Data shown:
-=-=-=-=-

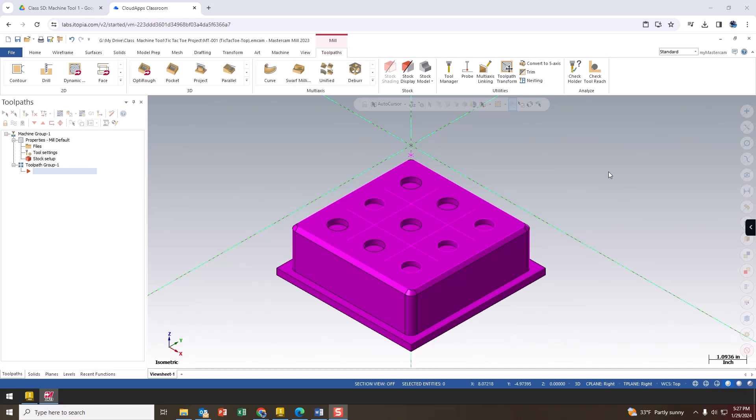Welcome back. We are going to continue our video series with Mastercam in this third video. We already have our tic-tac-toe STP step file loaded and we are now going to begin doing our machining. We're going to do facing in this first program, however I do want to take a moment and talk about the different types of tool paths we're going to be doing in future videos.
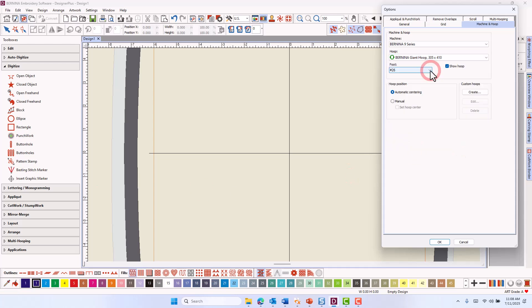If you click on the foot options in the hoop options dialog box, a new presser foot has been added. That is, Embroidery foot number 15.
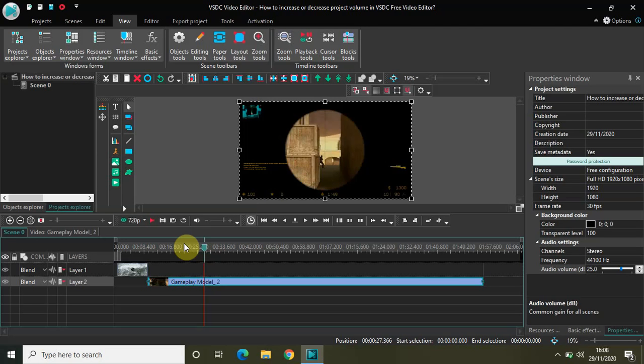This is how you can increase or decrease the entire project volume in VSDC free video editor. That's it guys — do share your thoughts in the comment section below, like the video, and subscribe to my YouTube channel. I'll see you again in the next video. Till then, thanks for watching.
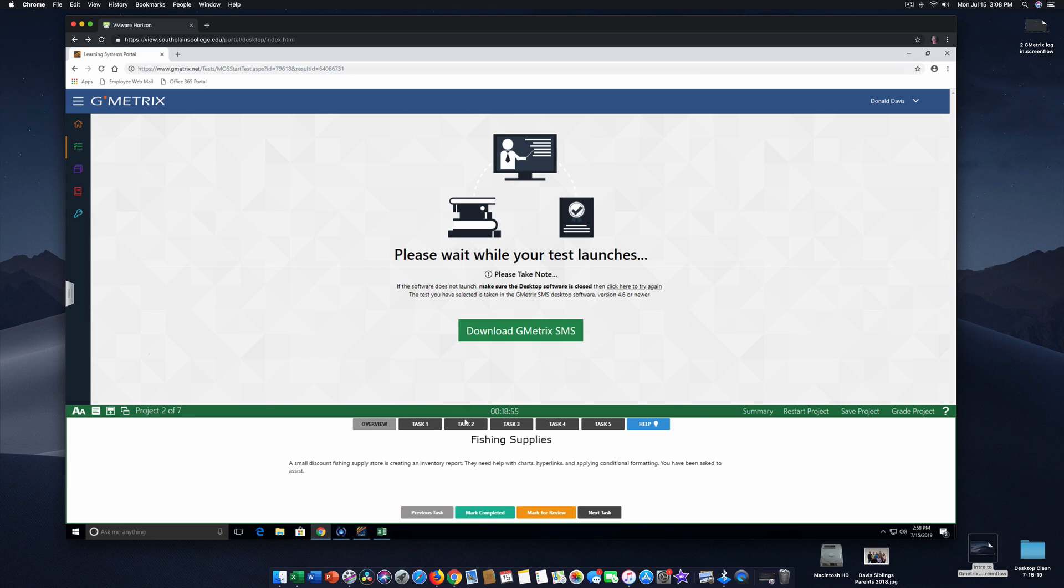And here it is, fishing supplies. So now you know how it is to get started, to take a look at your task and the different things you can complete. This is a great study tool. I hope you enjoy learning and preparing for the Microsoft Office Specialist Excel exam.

-=-=-=-=-

The problem: Could you set down the data exactly as given, minus its pictures?

Response box:
Welcome back. We are going to continue our video series with Mastercam in this third video. We already have our tic-tac-toe STP step file loaded and we are now going to begin doing our machining. We're going to do facing in this first program, however I do want to take a moment and talk about the different types of tool paths we're going to be doing in future videos.
If you click on the foot options in the hoop options dialog box, a new presser foot has been added. That is, Embroidery foot number 15.
This is how you can increase or decrease the entire project volume in VSDC free video editor. That's it guys — do share your thoughts in the comment section below, like the video, and subscribe to my YouTube channel. I'll see you again in the next video. Till then, thanks for watching.
And here it is, fishing supplies. So now you know how it is to get started, to take a look at your task and the different things you can complete. This is a great study tool. I hope you enjoy learning and preparing for the Microsoft Office Specialist Excel exam.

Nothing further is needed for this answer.